An open API service indexing awesome lists of open source software.

https://github.com/michaeluno/web-page-dumper

Dumps web page outputs including JavaScript generated contents.
https://github.com/michaeluno/web-page-dumper

corss-domain-solution cross-domain cross-domain-requests dumper heroku heroku-app heroku-application node-js nodejs pdf proxy scraper web-proxy

Last synced: 10 months ago
JSON representation

Dumps web page outputs including JavaScript generated contents.

Awesome Lists containing this project

README

          

# Web Page Dumper
Dumps web page outputs including JavaScript generated contents.


Web Page Dumper

## Demo
Visit [here](https://web-page-dumper.herokuapp.com/). If the server is sleeping, it takes several seconds to wake up.

## Usage

Access the app address following the path `/www/` with query parameters of the GET or POST method.

e.g.
```
http(s)://{app address}/www/?url=https%3A%2F%2Fexample.org
```

### Query Parameters

Only the `url` parameter is required. The rest is optional.

For boolean values, use `1` or `0` instead of `true` or `false`.

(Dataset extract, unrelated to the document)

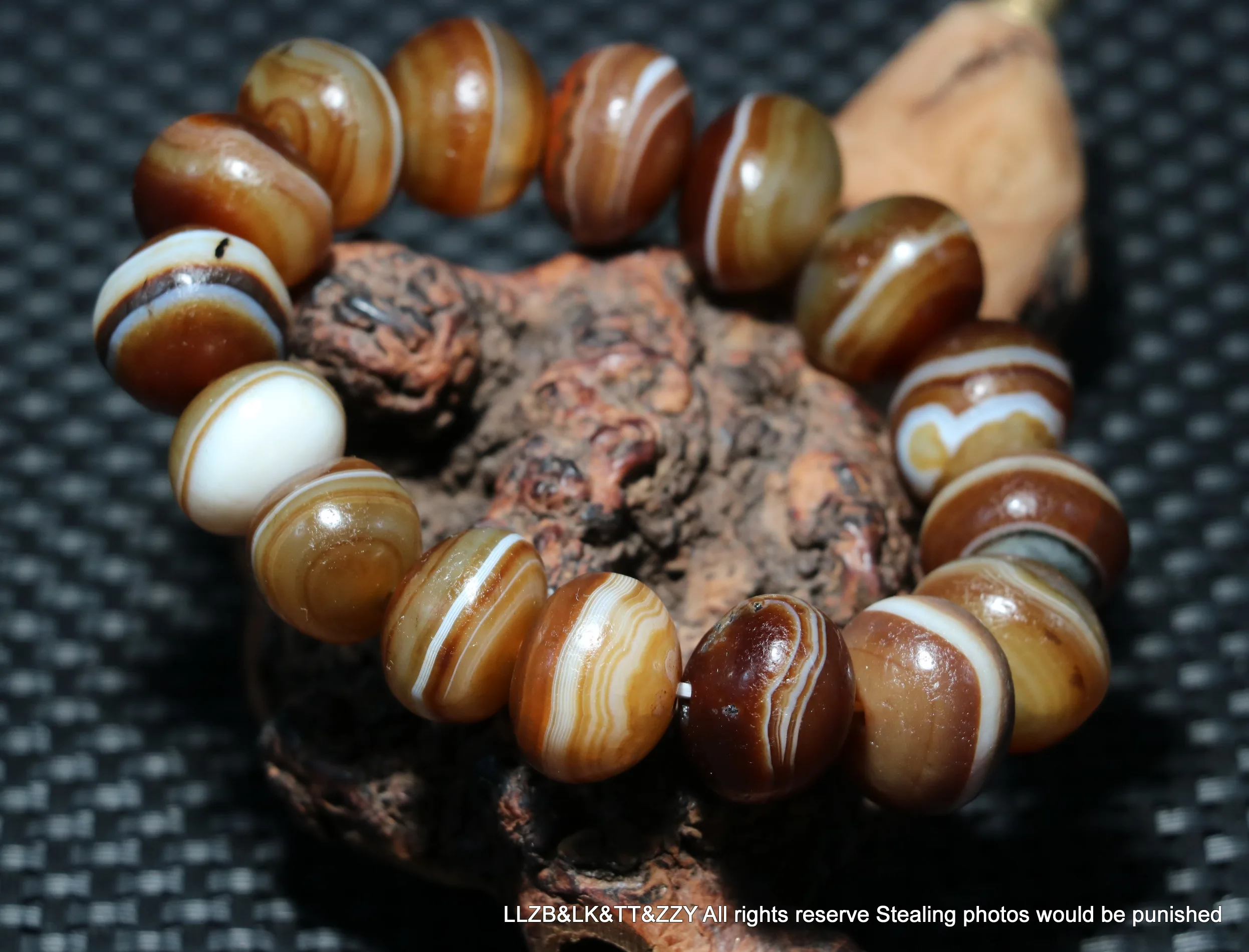 

An Energy Tibetan Top Old Agate Suggar Color Silkworm Line Healer Medicine Large dZi Bead Men Bracelet 4A LKbrother Sauces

#### (required, string) `url`
A _URL-encoded_ URL to fetch.

> Note: It is important to pass an URL-encoded value especially when the URL includes query parameters not to mix with the current parameters and the requested URL parameters.

e.g.
```
http(s)://{app address}/www/?url=https%3A%2F%2Fgithub.com%2F
```

#### (string) `output`
The output type. Accepts the following values:
- `json` (default) - outputs the site source code, the HTTP header, the HTTP status code, and content type as JSON with the following root keys:
- `url` - (string) the requested URL.
- `query` - (array) the HTTP request query key-value pairs.
- `resourceType` - (string) the request source type.
- `contentType` - (string) the HTTP response content type, same as the HTTP header `Content-Type` entry.
- `status` - (integer) the HTTP status code as a number such as `200` and `404`.
- `heaers` - (array) the HTTP header.
- `body` - (string) the HTTP body, usually an HTML document.
- `text`, `txt` - outputs the site source as a text document. Use this for non-html documents such as XML and JSON.
- `html`, `htm` - outputs the site source as `html` or `htm`. HTTP header will be omitted.
- `mhtml` - outputs the site source as `mhtml`.
- `png`, `jpg`, `jpeg` - outputs a screenthot image of the site
- `pdf`

#### (array) `omit` [1.7.0+]
What elements to omit when the `json` output is specified. Pass non-empty values such as 1.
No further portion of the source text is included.